Task item -> Please copy, word for word, the line holding "While entering your" and each line that follows it through the end of the entries, omitting any pictures.

[[ Provided data, beginning ]]

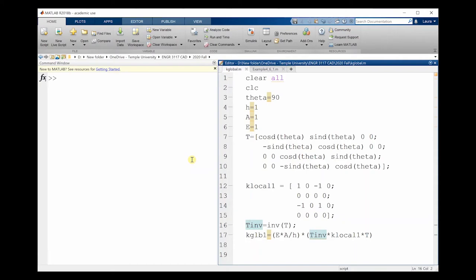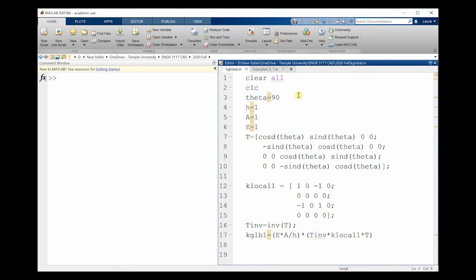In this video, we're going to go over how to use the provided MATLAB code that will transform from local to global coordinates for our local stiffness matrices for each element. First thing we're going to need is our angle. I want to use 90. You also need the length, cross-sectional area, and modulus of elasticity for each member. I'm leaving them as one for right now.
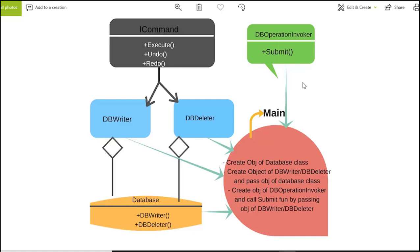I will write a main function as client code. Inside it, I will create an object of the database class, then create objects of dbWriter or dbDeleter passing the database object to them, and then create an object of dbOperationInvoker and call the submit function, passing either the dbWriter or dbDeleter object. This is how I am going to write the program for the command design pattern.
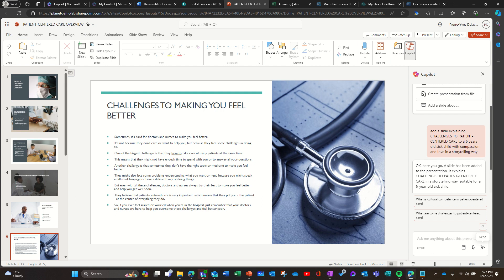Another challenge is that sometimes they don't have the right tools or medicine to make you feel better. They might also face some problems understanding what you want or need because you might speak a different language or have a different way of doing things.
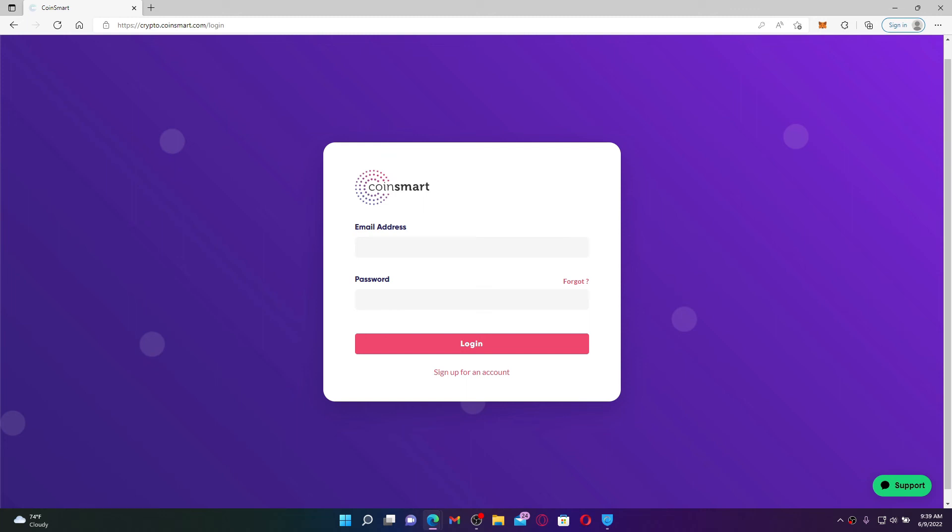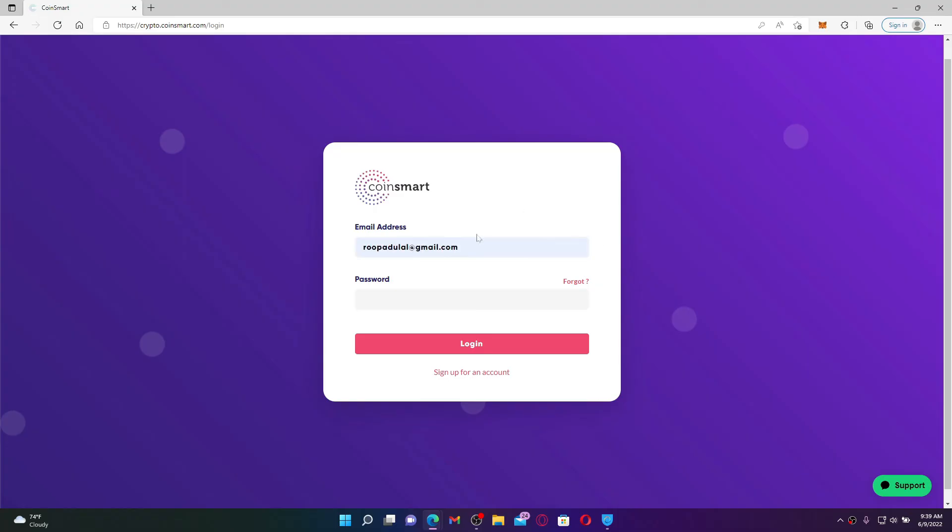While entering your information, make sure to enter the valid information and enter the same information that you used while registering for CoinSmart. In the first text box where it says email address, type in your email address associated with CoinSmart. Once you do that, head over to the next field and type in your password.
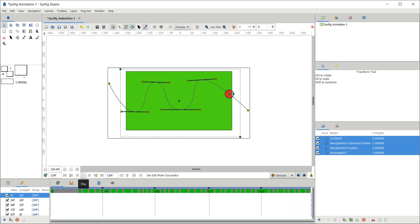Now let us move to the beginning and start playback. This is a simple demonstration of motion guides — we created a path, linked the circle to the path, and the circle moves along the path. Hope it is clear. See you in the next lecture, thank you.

[[ Provided data, end ]]

Exercise answer ->
While entering your information, make sure to enter the valid information and enter the same information that you used while registering for CoinSmart. In the first text box where it says email address, type in your email address associated with CoinSmart. Once you do that, head over to the next field and type in your password.
Now let us move to the beginning and start playback. This is a simple demonstration of motion guides — we created a path, linked the circle to the path, and the circle moves along the path. Hope it is clear. See you in the next lecture, thank you.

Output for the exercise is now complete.